■ **What the task requires**:
Your answer must be the records below, given again exactly, with no pictures in it.

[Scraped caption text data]
====

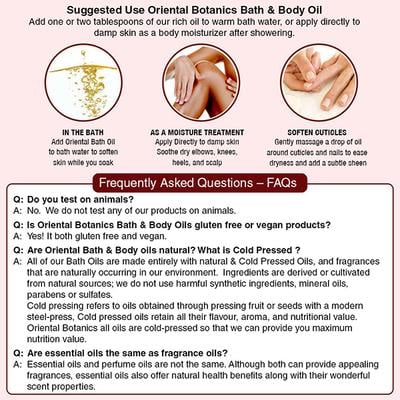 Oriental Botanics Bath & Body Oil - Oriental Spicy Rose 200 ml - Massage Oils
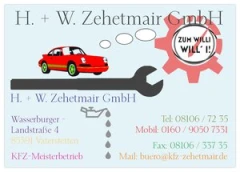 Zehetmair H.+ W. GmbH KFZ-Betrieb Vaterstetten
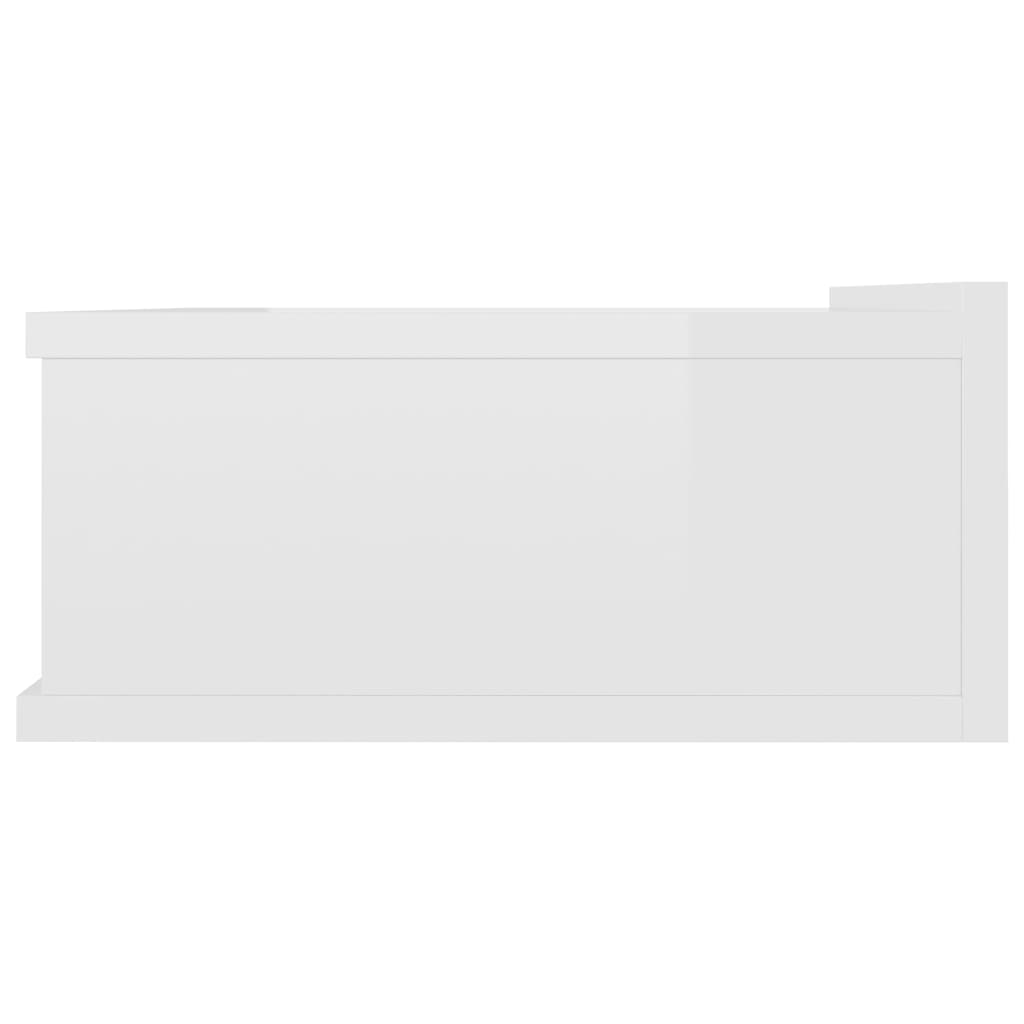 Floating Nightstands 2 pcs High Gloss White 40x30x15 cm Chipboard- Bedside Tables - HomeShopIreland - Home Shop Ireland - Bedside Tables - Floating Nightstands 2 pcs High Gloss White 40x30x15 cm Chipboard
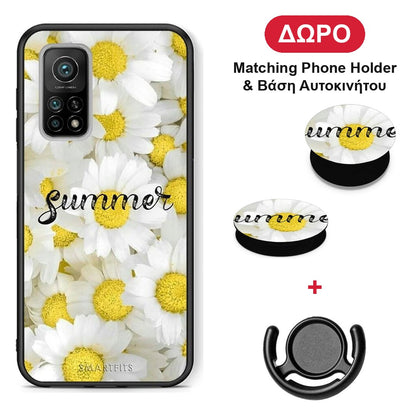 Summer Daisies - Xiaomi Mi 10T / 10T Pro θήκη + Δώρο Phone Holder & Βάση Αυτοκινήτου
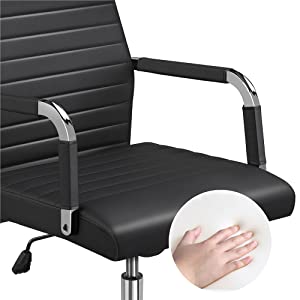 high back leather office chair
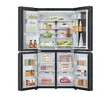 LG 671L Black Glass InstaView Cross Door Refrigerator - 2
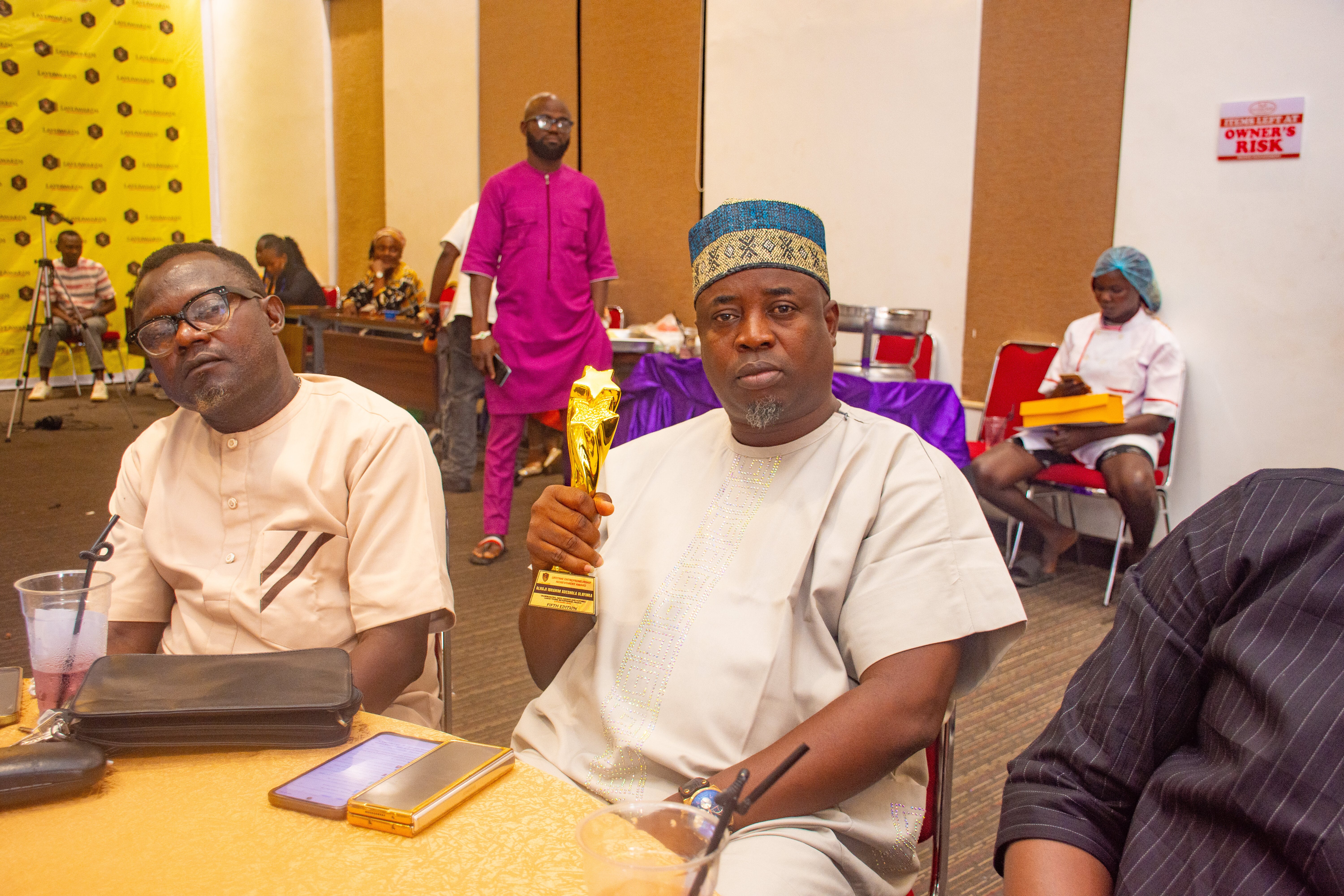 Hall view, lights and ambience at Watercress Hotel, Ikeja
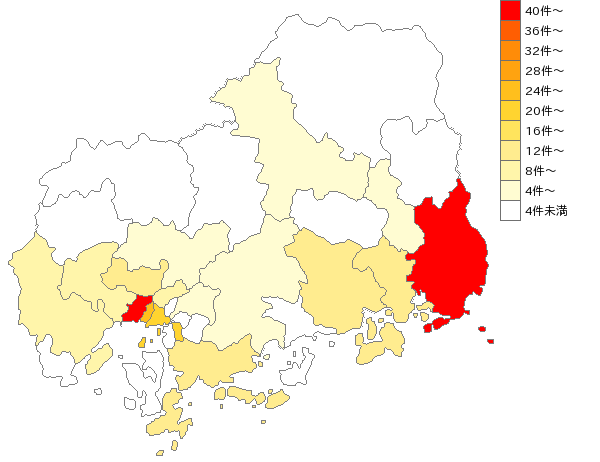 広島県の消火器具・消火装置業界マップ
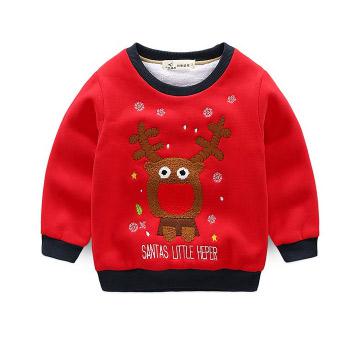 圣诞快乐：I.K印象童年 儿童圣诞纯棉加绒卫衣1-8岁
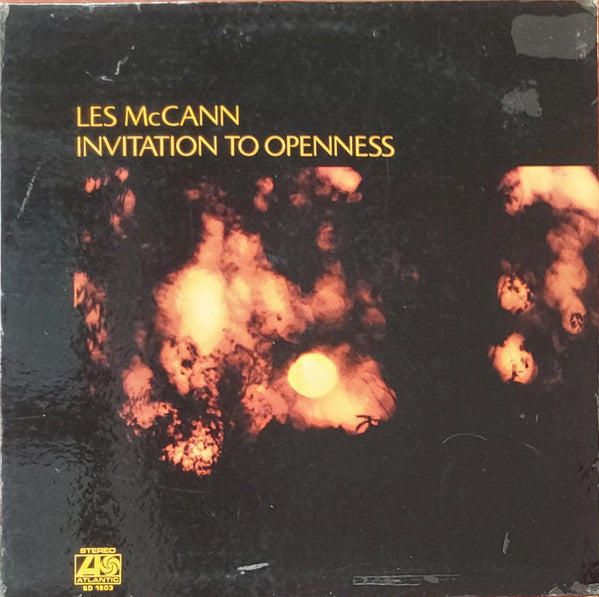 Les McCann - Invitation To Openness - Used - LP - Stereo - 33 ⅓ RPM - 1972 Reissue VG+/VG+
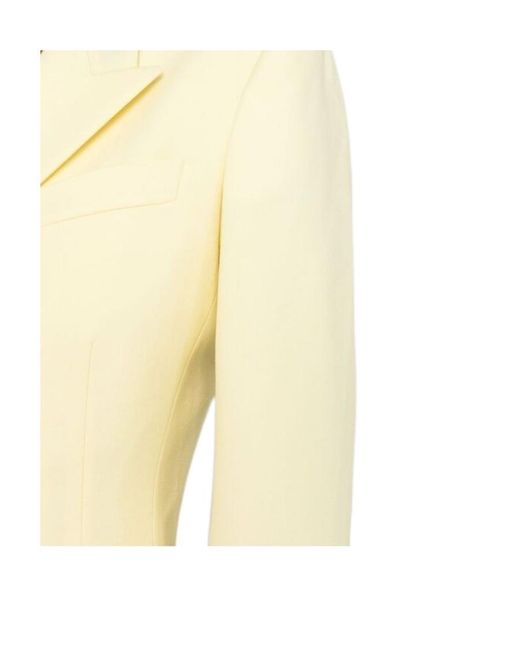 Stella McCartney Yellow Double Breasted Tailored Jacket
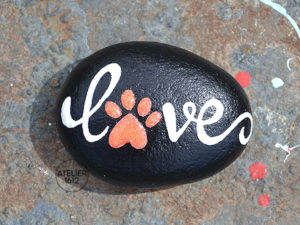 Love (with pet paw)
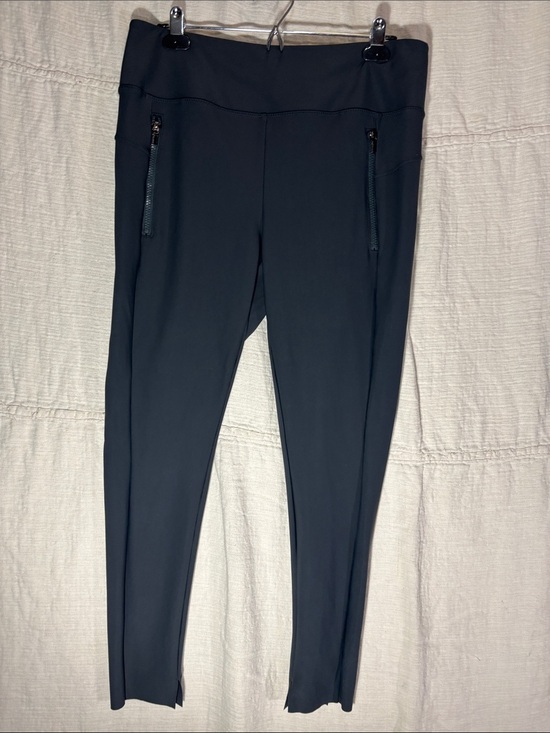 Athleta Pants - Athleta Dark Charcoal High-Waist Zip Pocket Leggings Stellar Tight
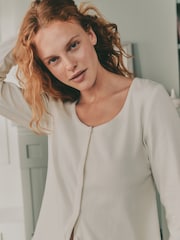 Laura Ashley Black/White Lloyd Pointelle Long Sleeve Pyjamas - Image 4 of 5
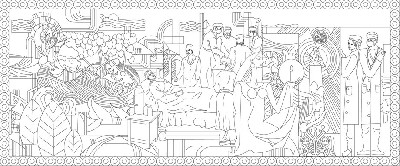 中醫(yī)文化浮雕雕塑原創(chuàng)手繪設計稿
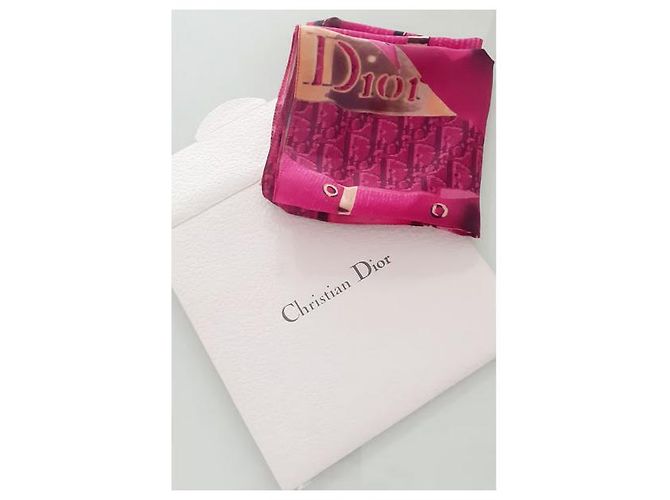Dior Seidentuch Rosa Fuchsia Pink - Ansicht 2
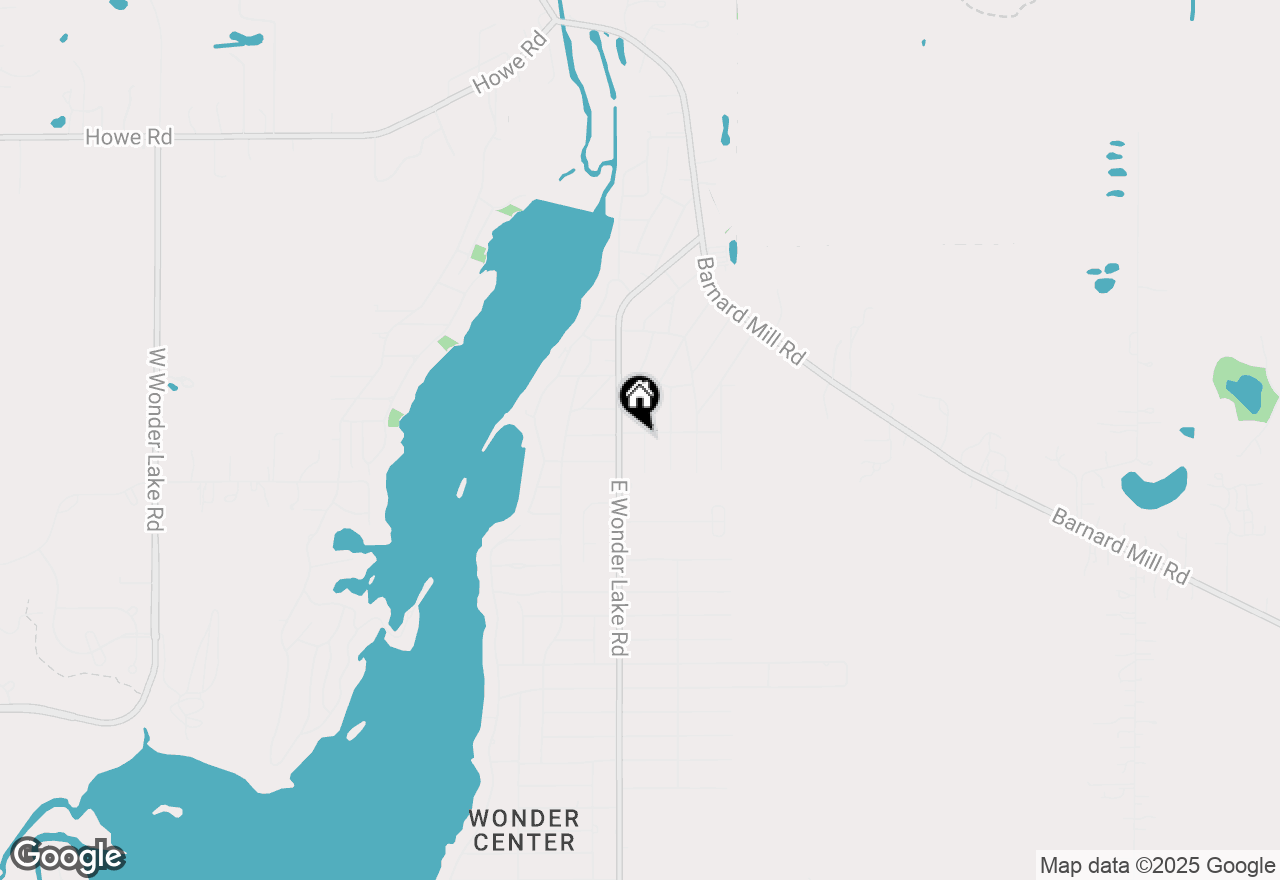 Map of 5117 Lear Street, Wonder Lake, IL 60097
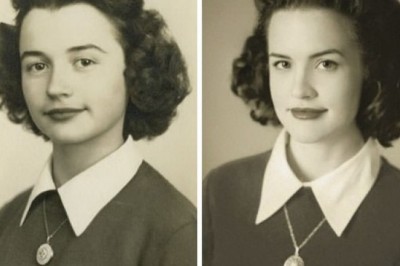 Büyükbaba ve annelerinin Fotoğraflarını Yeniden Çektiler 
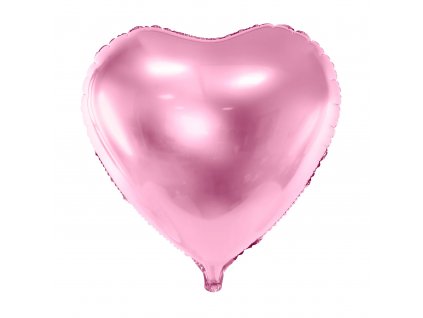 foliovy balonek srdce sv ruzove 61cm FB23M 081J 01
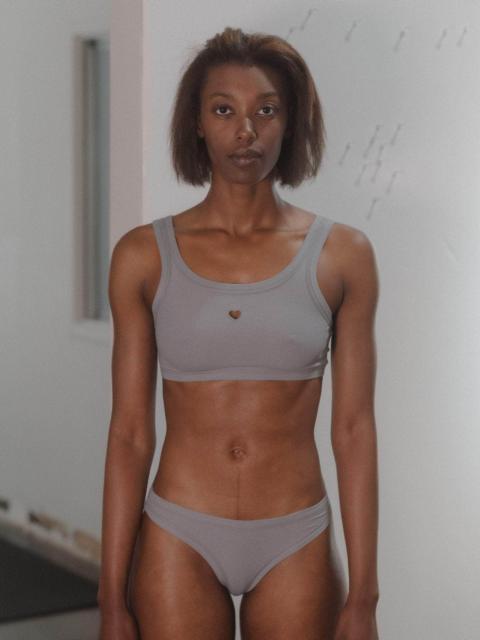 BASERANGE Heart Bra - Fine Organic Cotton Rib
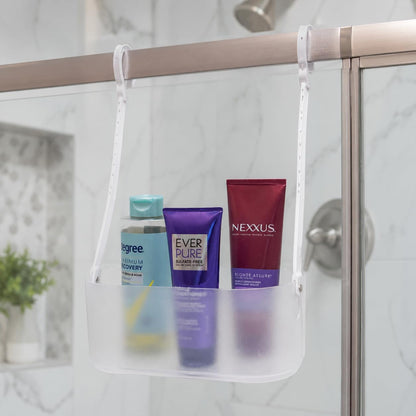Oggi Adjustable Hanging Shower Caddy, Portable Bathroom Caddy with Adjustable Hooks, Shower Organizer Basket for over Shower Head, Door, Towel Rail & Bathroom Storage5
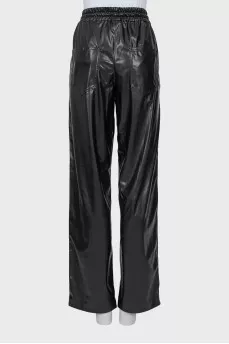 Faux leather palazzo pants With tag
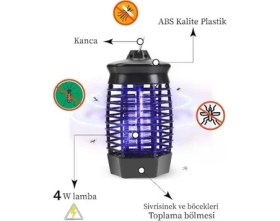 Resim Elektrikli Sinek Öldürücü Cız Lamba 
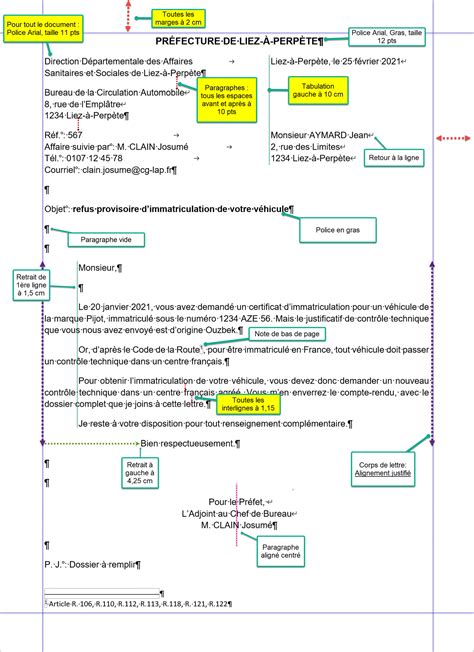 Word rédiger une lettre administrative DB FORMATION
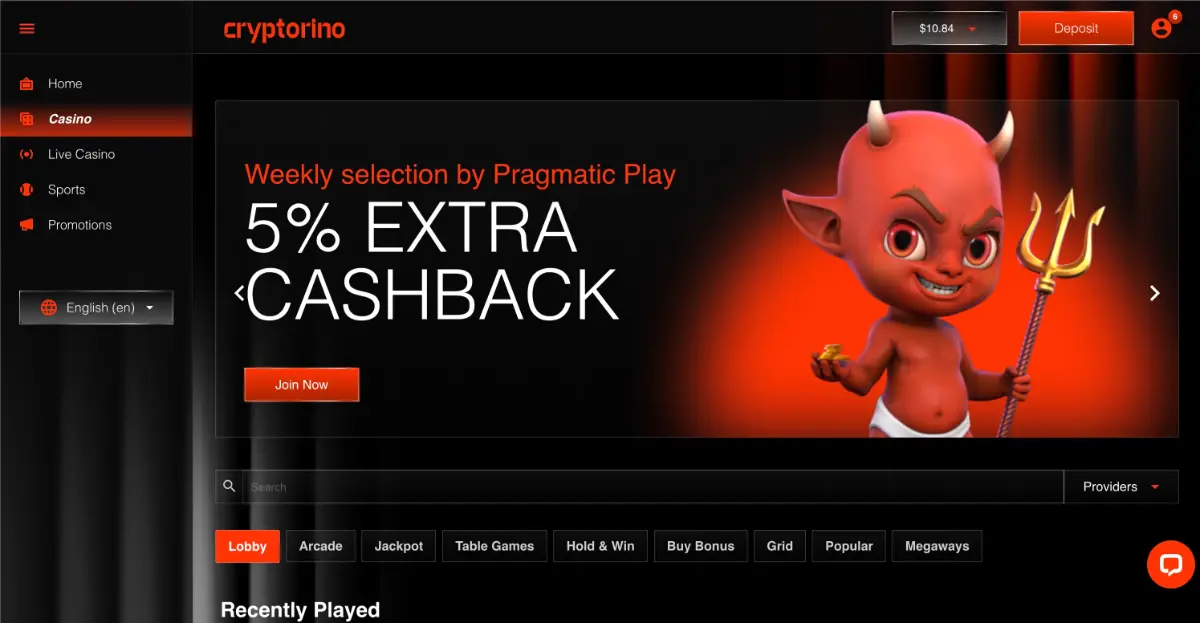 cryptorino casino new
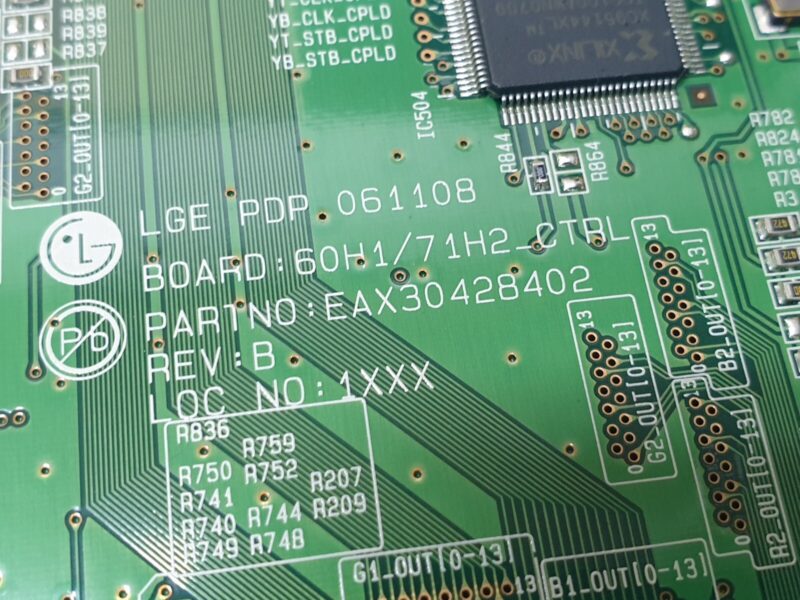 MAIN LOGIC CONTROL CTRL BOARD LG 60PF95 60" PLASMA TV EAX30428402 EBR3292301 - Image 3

====

■ **Task output**:
 Oriental Botanics Bath & Body Oil - Oriental Spicy Rose 200 ml - Massage Oils
 Zehetmair H.+ W. GmbH KFZ-Betrieb Vaterstetten
 Floating Nightstands 2 pcs High Gloss White 40x30x15 cm Chipboard- Bedside Tables - HomeShopIreland - Home Shop Ireland - Bedside Tables - Floating Nightstands 2 pcs High Gloss White 40x30x15 cm Chipboard
 Summer Daisies - Xiaomi Mi 10T / 10T Pro θήκη + Δώρο Phone Holder & Βάση Αυτοκινήτου
 high back leather office chair
 LG 671L Black Glass InstaView Cross Door Refrigerator - 2
 Hall view, lights and ambience at Watercress Hotel, Ikeja
 広島県の消火器具・消火装置業界マップ
 圣诞快乐：I.K印象童年 儿童圣诞纯棉加绒卫衣1-8岁
 Les McCann - Invitation To Openness - Used - LP - Stereo - 33 ⅓ RPM - 1972 Reissue VG+/VG+
 Stella McCartney Yellow Double Breasted Tailored Jacket
 Love (with pet paw)
 Athleta Pants - Athleta Dark Charcoal High-Waist Zip Pocket Leggings Stellar Tight
 Laura Ashley Black/White Lloyd Pointelle Long Sleeve Pyjamas - Image 4 of 5
 中醫(yī)文化浮雕雕塑原創(chuàng)手繪設計稿
Dior Seidentuch Rosa Fuchsia Pink - Ansicht 2
 Map of 5117 Lear Street, Wonder Lake, IL 60097
 Büyükbaba ve annelerinin Fotoğraflarını Yeniden Çektiler 
 foliovy balonek srdce sv ruzove 61cm FB23M 081J 01
 BASERANGE Heart Bra - Fine Organic Cotton Rib
Oggi Adjustable Hanging Shower Caddy, Portable Bathroom Caddy with Adjustable Hooks, Shower Organizer Basket for over Shower Head, Door, Towel Rail & Bathroom Storage5
 Faux leather palazzo pants With tag
 Resim Elektrikli Sinek Öldürücü Cız Lamba 
 Word rédiger une lettre administrative DB FORMATION
 cryptorino casino new
 MAIN LOGIC CONTROL CTRL BOARD LG 60PF95 60" PLASMA TV EAX30428402 EBR3292301 - Image 3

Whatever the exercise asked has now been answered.